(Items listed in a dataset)
----------

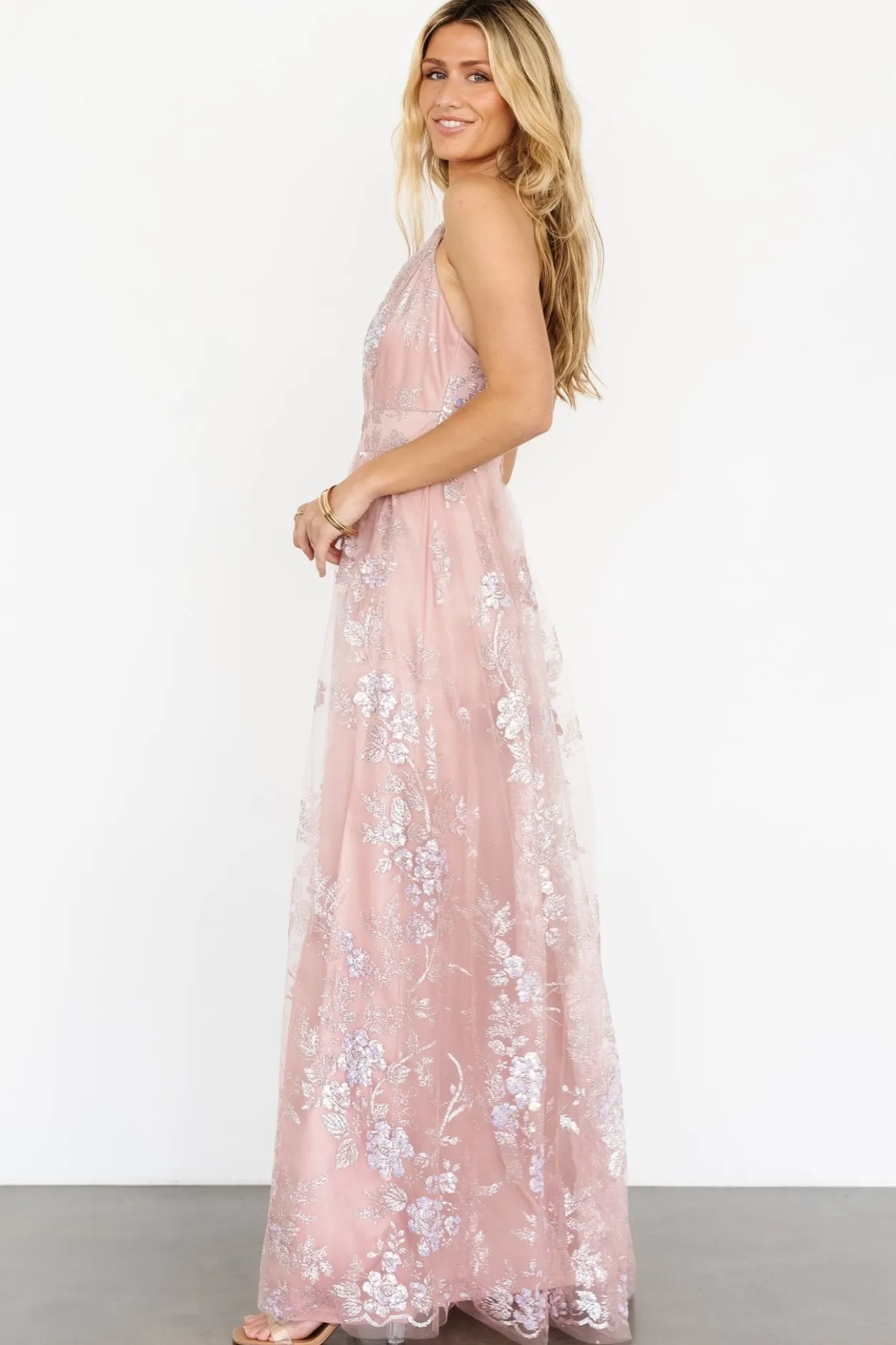 Discount Baltic Born Lucienne Shimmer Maxi Gown | Blushing Rose BlushingRose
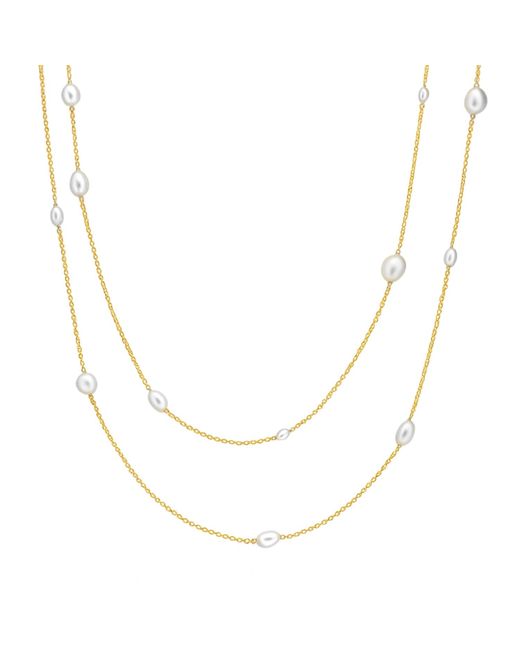 Unaloe Metallic Plated Layered Pearl Necklace For – Natural Freshwater Pearl Bridal Statement Jewelry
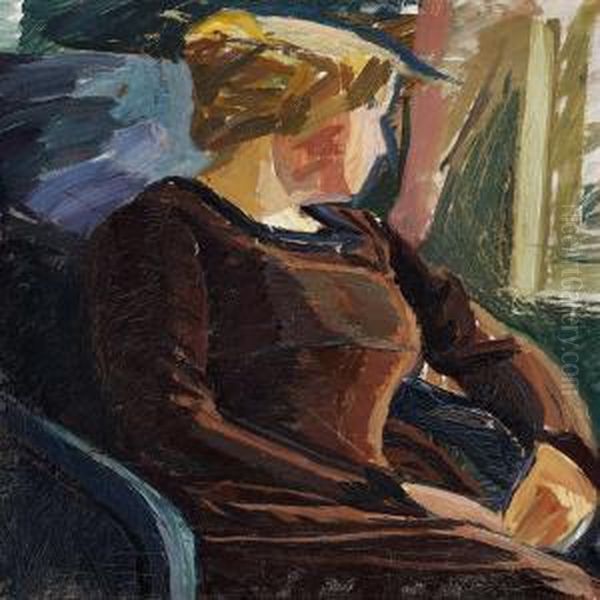 The Artist's Wife Oil Painting by Edvard Weie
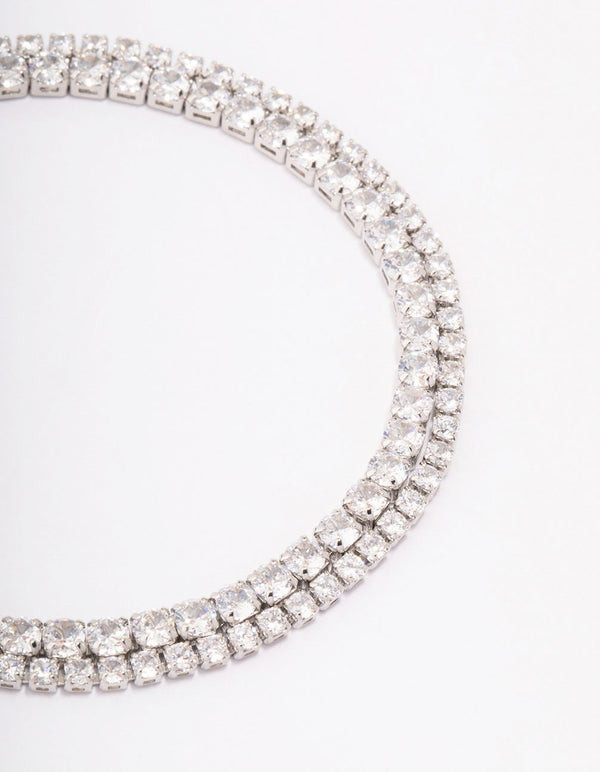 Silver Cubic Zirconia Double Row Bracelet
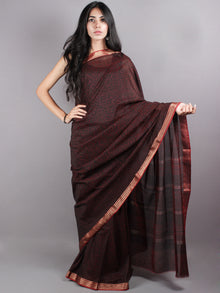 Maroon Black Mono Chanderi  Hand Block Printed Saree with Zari Border - S0317219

----------

Restate the entries word for word, though any image they contain should not appear.

 Discount Baltic Born Lucienne Shimmer Maxi Gown | Blushing Rose BlushingRose
 Unaloe Metallic Plated Layered Pearl Necklace For – Natural Freshwater Pearl Bridal Statement Jewelry
 The Artist's Wife Oil Painting by Edvard Weie
 Silver Cubic Zirconia Double Row Bracelet
 Maroon Black Mono Chanderi  Hand Block Printed Saree with Zari Border - S0317219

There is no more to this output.